電動化の課題
日本はコストや技術的な問題からバイクの電動化が遅れていると言われています。バイク電動化には、多くのハードルが存在しており、代表的な課題は以下のとおりです。
- 航続距離が短く安定しない(冬場にはバッテリーの性能が落ちる)
- 充電に時間がかかる
- 出力が弱い
- 本体価格が高い
- バッテリーがかさばる、車体が重くなる
電動バイクの普及には、航続距離の不安定さ、本体価格の高さ、充電ステーションの少なさ、不便な充電システムといった問題が山積みです。
出力の弱さ
モーター出力と車両区分については、今のところ実情と合っていないと感じる方も多いでしょう。モーター出力と車両区分は、以下のように分けられています。
- 原付一種:0.6kW以下
- 原付二種:0.6kW超~1.0kW以下
- 普通二輪:10kW超~20kW以下
- 大型二輪:20kW超
2019年12月には、20kW超の電動バイクが大型二輪に区分されるなど、中型・大型区分の輸入電動バイクは改善傾向にありますが、原付クラスに目を向けてみると不満が残ります。少なくとも、これまでの排気量のような感覚だと、パワー不足を実感してしまうかもしれません。
原付クラスの最高出力の上限がもう少し高くなれば、日常生活でもストレスなく使えるEVバイクとして需要が高くなっていくのではないかと思います。
車体の重さ
特に、小排気量のバイクではバッテリーの大きさ・重さが問題になっています。バイクの利用用途によっては、バイクを押して歩かなければならない状況があります。

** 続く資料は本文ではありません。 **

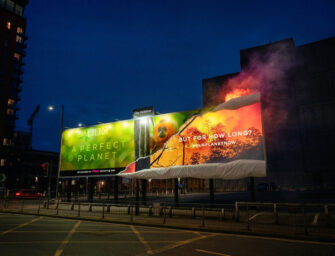 BBC підпалила власні білборди на підтримку екологічного проєкту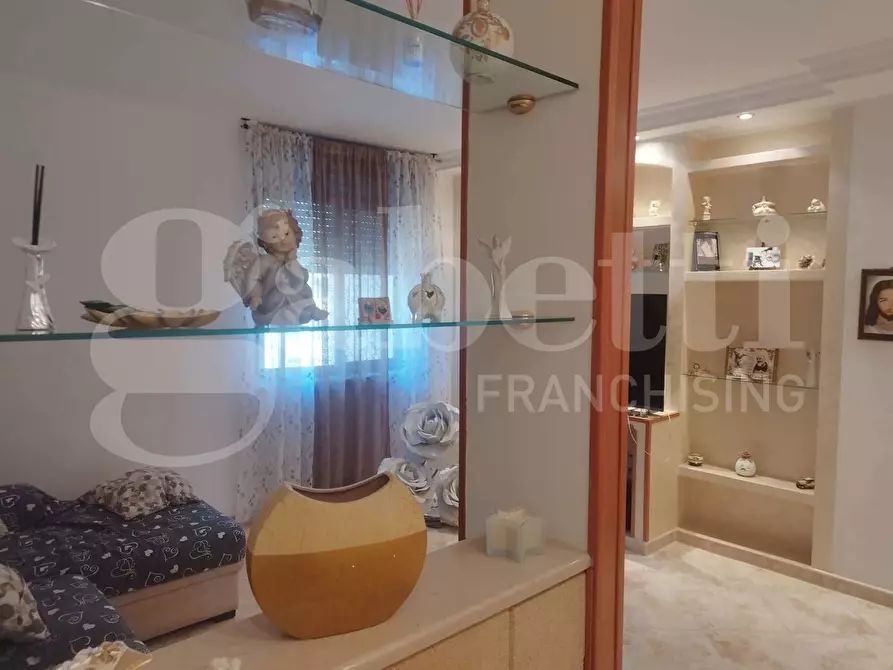 Immagine 2 di Appartamento in vendita  in Piazza SANDRO PERTINI, 5 a Taranto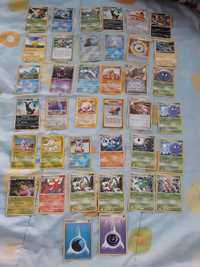 39 cartas Pokemon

また、バイクと転倒は切っても切り離せません。バイクで転んだら車体を引き起こさなければなりませんが、そのときにバイクの重量が重たすぎると、小柄な方は取り扱えない可能性が出てきます。
日本はバイクの覇権を握り続けられるか?
電動化に伴う軽量化を実現しても、性能が低下してしまう可能性もあります。そのため、政府はガソリンスタンドやカーディーラーなどで瞬時に充電してもらうか、フル充電された電池にすぐ交換してもらえるといったシステムを導入する必要があります。
給電に関しても、家庭でフル充電ができても長距離走行に耐えられない場合があるため、交換式バッテリーや急速充電の技術開発が進められています。どの方法を採用するにしても、インフラの整備は必須であり、政府や各種メーカーにとっての課題です。
交換式バッテリーについては、台湾のGOGORO社がビジネスモデルを確立し、充電ステーションの設置をして運用をスタートしています。インフラ整備のためには多少なりともバッテリーの規格を揃える必要がありますが、今のところもっとも可能性があるのはGOGORO社の規格かもしれません。